Atypical Atrial Flutter Ablation and Follow-Up
In the initial 3 patients, ablation of atypical atrial flutter was performed with radiofrequency (RF) energy (Radionics RFG-3D or Medtronic lesion generators) delivered from an 8-mm-tip electrode of an ablation catheter (EP Technologies or custom Medtronic) to 2 cutaneous patch electrodes. Guiding sheaths (Daig) were used to optimize ablation electrode contact. In the remaining 3 patients, electroanatomic map-guided ablation was performed with the use of a 4-mm electrode-tipped electroanatomic mapping/ablation catheter and 1 cutaneous patch electrode.
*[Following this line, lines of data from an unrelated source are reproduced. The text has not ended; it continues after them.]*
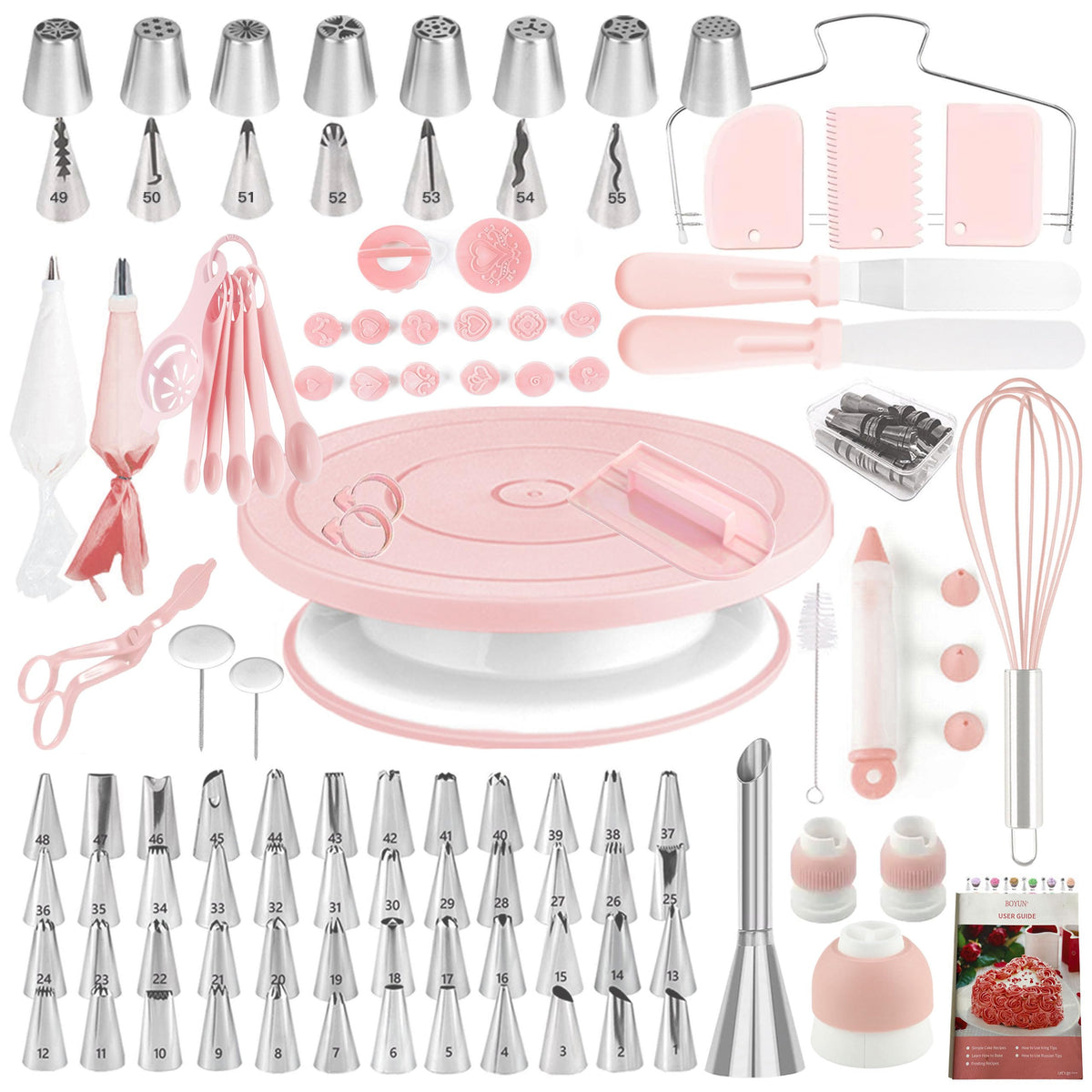 Boyun cake decorating kit 137pcs for beginners with a complete decorating set.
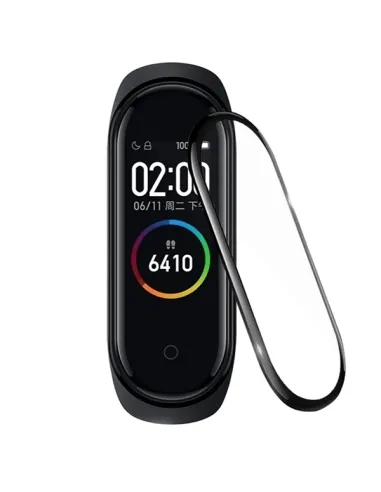 Película Protectora de Ecrã Gel Full Cover Com bordas para Xiaomi Mi Band 5 Com Bordas Preto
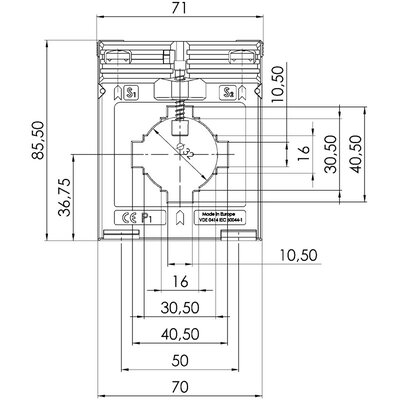 Przekładnik prądowy nn ASK, G13546 - schemat 1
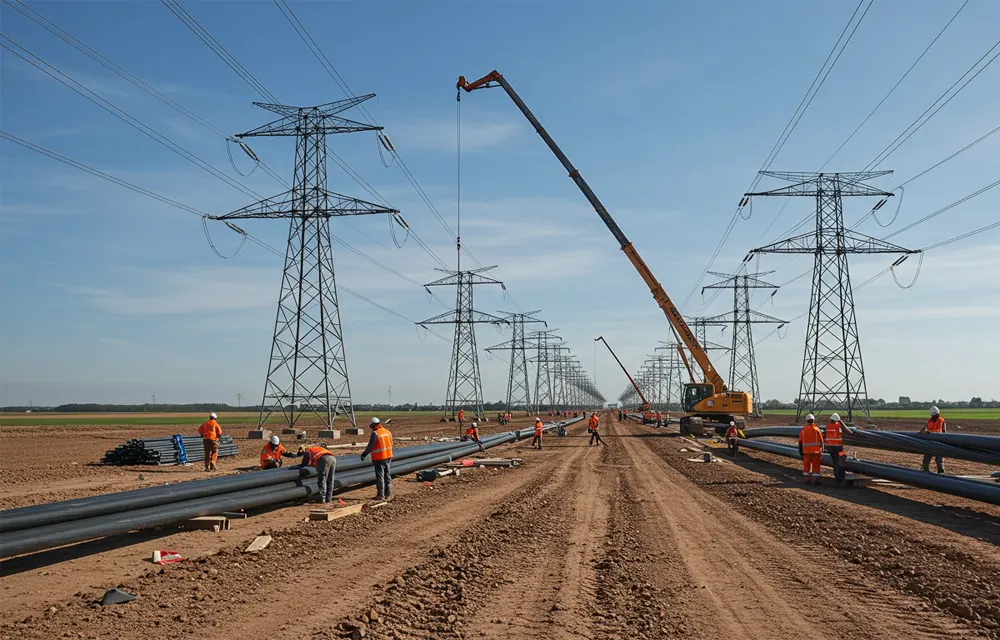 power grid tower installation image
RF energy was applied during sustained atypical atrial flutter. Energy applications (20 to 40 W, 30 to 60 seconds per application) were performed sequentially to produce a linear lesion. After ablation, burst pacing was performed from ≥2 right atrial sites at a cycle length decreased by 10 ms per burst from 300 ms to 2:1 atrial capture. Successful ablation was defined as termination of atypical atrial flutter during RF energy application and inability to reinduce atrial flutter.
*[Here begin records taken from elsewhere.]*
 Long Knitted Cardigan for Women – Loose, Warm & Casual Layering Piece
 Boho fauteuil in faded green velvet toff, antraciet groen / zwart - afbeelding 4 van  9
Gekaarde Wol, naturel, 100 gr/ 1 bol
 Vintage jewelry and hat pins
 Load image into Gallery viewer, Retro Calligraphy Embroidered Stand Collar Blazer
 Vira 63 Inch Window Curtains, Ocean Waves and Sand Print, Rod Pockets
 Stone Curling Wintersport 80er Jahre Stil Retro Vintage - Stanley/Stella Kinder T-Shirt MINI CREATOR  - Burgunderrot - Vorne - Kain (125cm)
Patients were discharged off antiarrhythmic drugs. Arrhythmia recurrence was excluded through serial examinations and ambulatory ECG monitoring.
Atypical Atrial Flutter Induction, FCL, and Surface ECG
In all 6 patients, sustained atypical atrial flutter could be induced reliably with burst pacing at cycle lengths of 200 to 240 ms from the coronary sinus (CS) os at baseline. In each case, atrial fibrillation was not observed as an intermediate rhythm. Only 1 type of sustained atypical atrial flutter was induced in each patient. In the absence of earlier pace termination, episodes of sustained atypical atrial flutter persisted for >1 hour in each patient. Spontaneous transitions between atypical and typical atrial flutter were observed in 2 patients.
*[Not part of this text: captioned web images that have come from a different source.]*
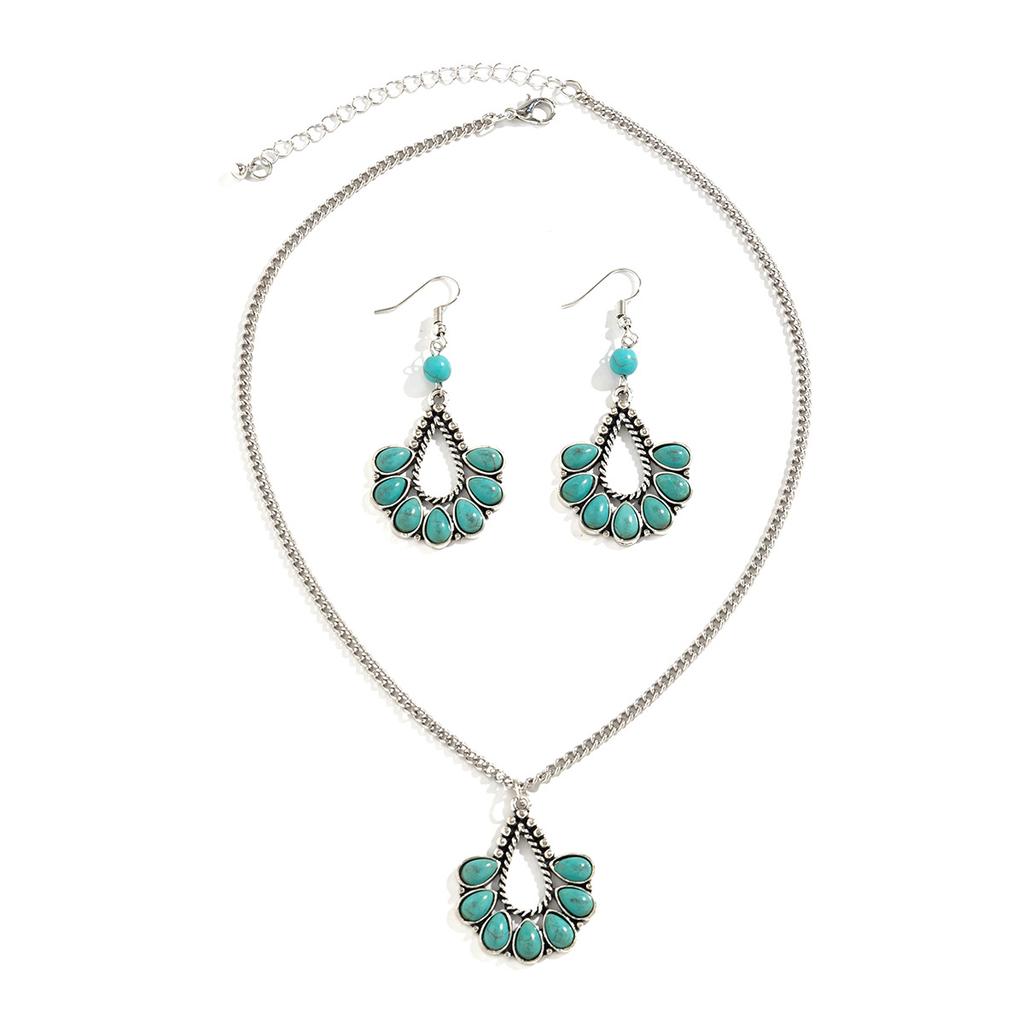 Słodki i fajny etniczny bohemski turkusowy naszyjnik, plażowa biżuteria niszowa dla kobiet z frędzlami w kształcie kropli wody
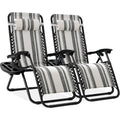 Best Choice Products Set Of 2 Adjustable Steel Mesh Zero Gravity Lounge Chair Recliners W/Pillows And Cup Holder Trays - Gray Stripes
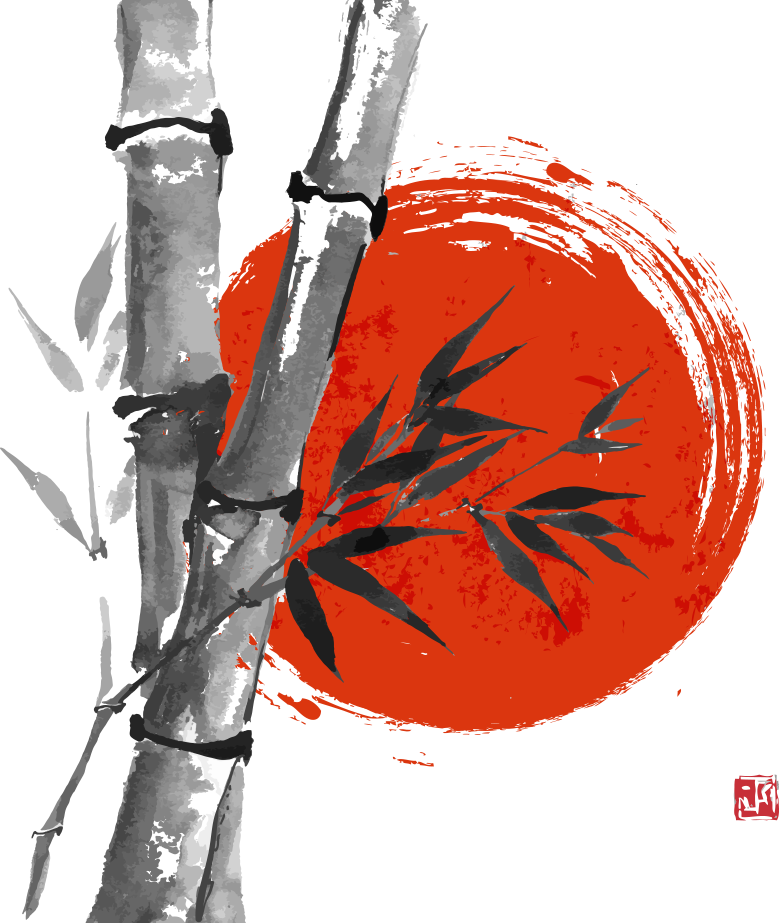 Japanese Wash Vector Ink Japan Bamboo Painting Clipart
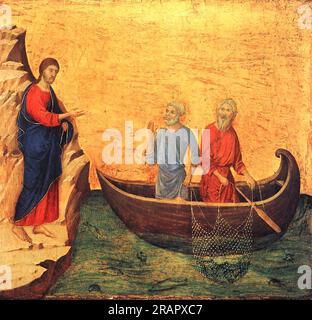 La chiamata degli Apostoli Pietro e Andrea 1311 di Duccio Foto Stock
Overall, there was no significant difference in the FCLs of typical and RAFW atypical atrial flutter, although the difference in FCL was >80 ms in 1 patient (the Table⇑). In the 5 patients in whom typical atrial flutter ablation was performed before atypical atrial flutter ablation, TA-ER isthmus ablation did not affect the inducibility or FCL of atypical atrial flutter.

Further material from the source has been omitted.